Williams and the survivors of his company feared they would be killed if they returned to their homes in rebel territory. They went to southwestern Missouri, where they scouted for the Union army, occasionally making forays into northern Arkansas. In late summer 1863, Union forces took Little Rock (Pulaski County) and moved up the Arkansas River to Fort Smith (Sebastian County). Williams’s band traveled with Union troops to central Arkansas and home. In September, General Frederick Steele authorized the Union men of Conway County to form an independent company, to protect themselves from rebel threats. During the following seventeen months, Williams led his men in a guerrilla war against bands of rebels in north-central Arkansas. Called variously Williams’s Raiders or Williams’s Company of Scouts and Spies, the men scouted for the Third Arkansas Union Cavalry, garrisoned at Lewisburg (Conway County).

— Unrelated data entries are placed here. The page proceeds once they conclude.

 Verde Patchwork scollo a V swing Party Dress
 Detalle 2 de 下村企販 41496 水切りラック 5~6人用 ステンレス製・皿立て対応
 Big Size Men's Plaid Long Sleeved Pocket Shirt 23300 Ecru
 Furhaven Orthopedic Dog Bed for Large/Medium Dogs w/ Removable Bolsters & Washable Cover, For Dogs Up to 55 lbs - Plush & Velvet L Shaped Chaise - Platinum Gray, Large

Williams’s main foe was Colonel Alan R. Witt, who led a band of ragtag Confederates based around Quitman (Cleburne and Faulkner counties), located about twenty miles east of Williams’s farm near present-day Center Ridge (Conway County). In the last two years of the war, Witt’s and Williams’s companies waged an on-going feud, as did families in the area known to be sympathetic to either side.

On the night of February 12, 1865, approximately sixty members of Witt’s band surrounded Williams’s home. They shot and killed him when he opened the door. He is buried in Grandview Cemetery near Center Ridge.

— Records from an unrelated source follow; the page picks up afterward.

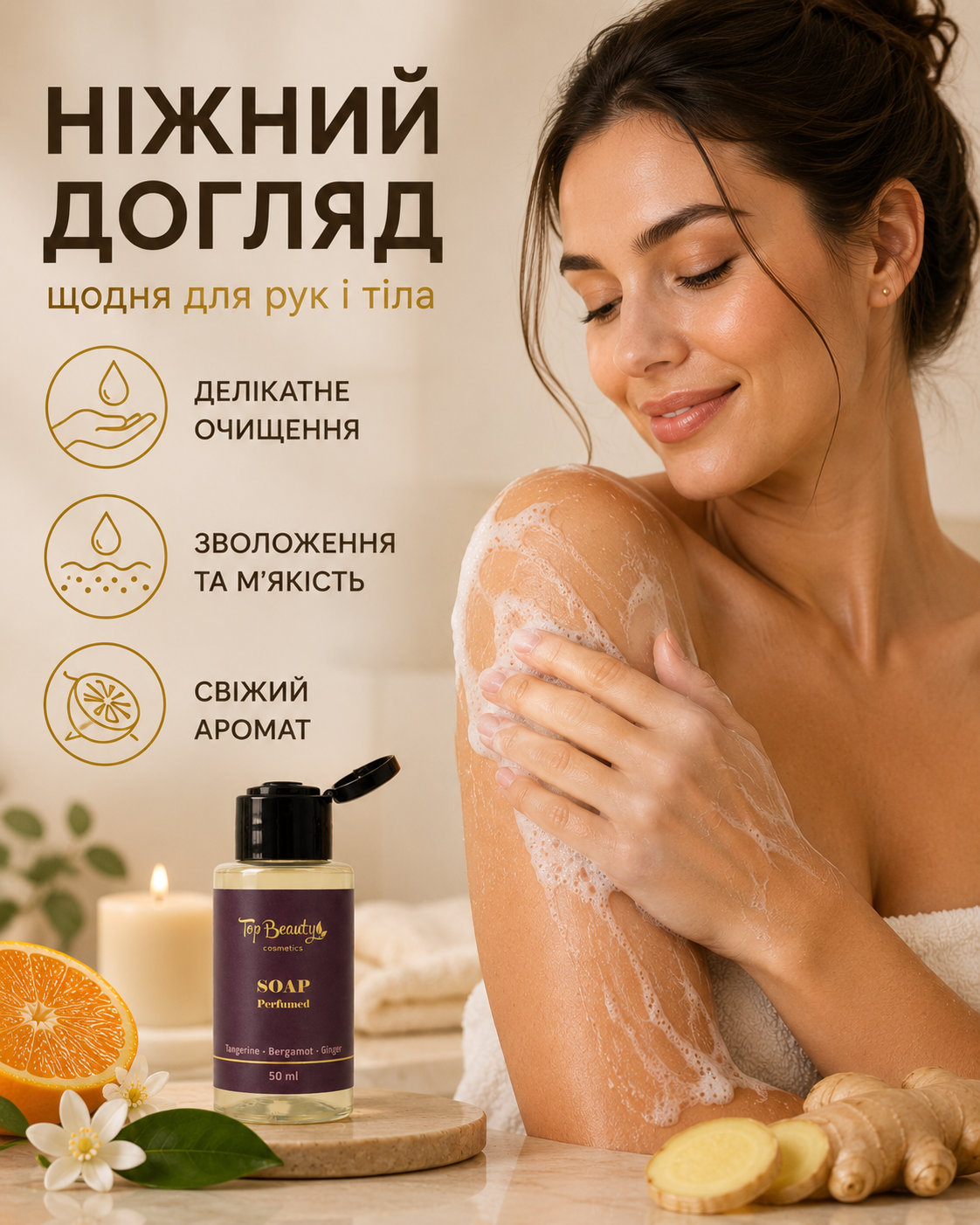Парфумоване рідке мило для рук і тіла Mandarin, Bergamot & Ginger, 50 мл — фото 2
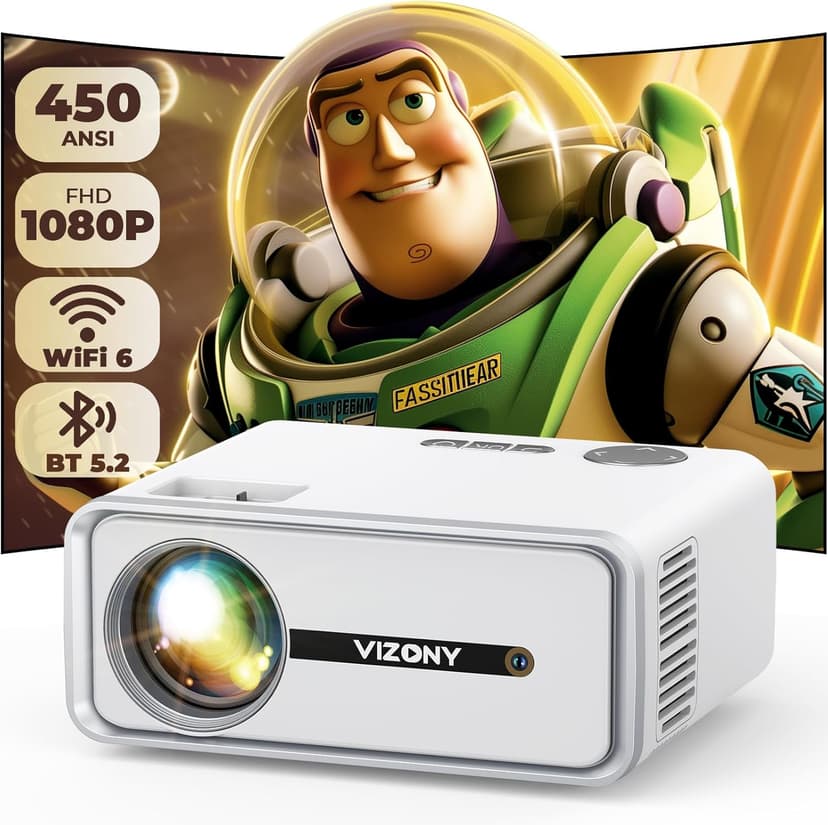 Mini Projector with WiFi and Bluetooth, 450ANSI 1080P FHD Home Movie Projector, Portable Outdoor Projector with 250" Display+Zoom, Compatible w/Phone//Laptop/TV Stick-Indoor&Outdoor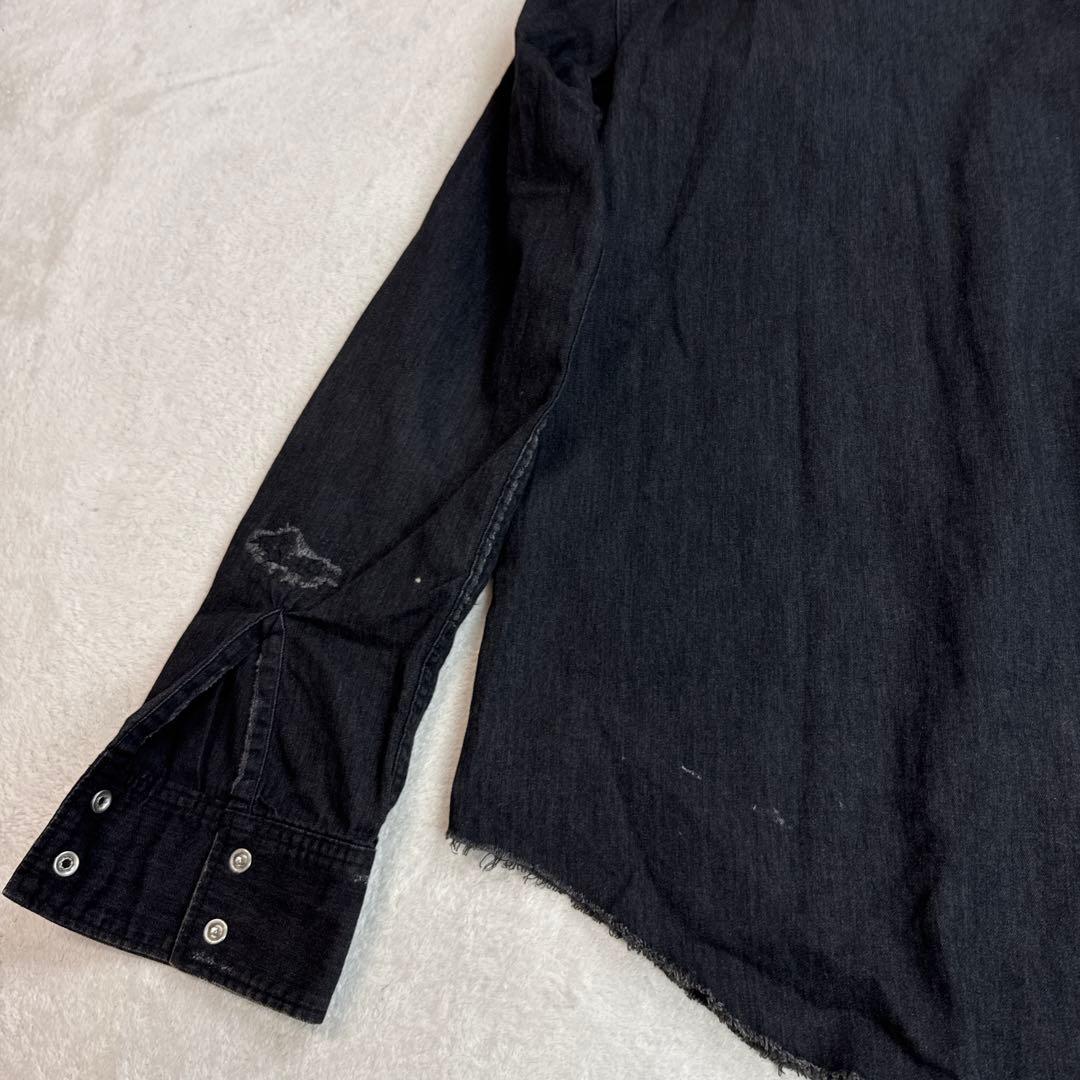 サンローラン エディ期 SAINT LAURENT クラッシュデニムシャツ 黒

For additional information:
Barnes, Kenneth C. “The Williams Clan: Mountain Farmers and Union Fighters in North Central Arkansas.” In Civil War Arkansas: Beyond Battles and Leaders, edited by Anne J. Bailey and Daniel E. Sutherland. Fayetteville: University of Arkansas Press, 2000.

 Kenneth C. Barnes
University of Central Arkansas

This entry, originally published in Arkansas Biography: A Collection of Notable Lives, appears in the CALS Encyclopedia of Arkansas in an altered form. Arkansas Biography is available from the University of Arkansas Press.

Comments

    He is my great-great-grandfather on my mother’s side. Would like to get a reunion going.

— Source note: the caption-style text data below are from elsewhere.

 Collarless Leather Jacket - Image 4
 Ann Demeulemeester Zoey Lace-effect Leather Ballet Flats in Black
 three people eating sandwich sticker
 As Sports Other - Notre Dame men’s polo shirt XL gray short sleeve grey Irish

    Jeremy Barnes Bradford, AR

    He is my kin as well. I would love to connect with family. I live in southeast Arkansas.

    Trevor Williams Pine Bluff, AR

    He is my great-great on my mom’s side, Sigle Williams being my grandfather.

    Carl Phillips Glencoe, AR

    I am also related. His mother was my fourth-great-grandmother.

    James Barker Marble Hill, MO

    Wonderful to happen upon this website. Can’t wait to visit Arkansas! Capt. Thomas Jefferson “T.J.” Williams is my fourth-great-grandfather. His son Daniel Webster is my third-great-grandfather, and his daughter Polly Jane is my second-great-grandmother. He is registered on the 1896 Dawes Roll as Cherokee, and his mother is of Cherokee ancestry.

    Tamara Gorman Sacramento, CA

    He was my great-great-great-grandfather and I am looking for family in the area, as I’ve lived in Siloam Springs for eighteen years and just found out I’m related to him.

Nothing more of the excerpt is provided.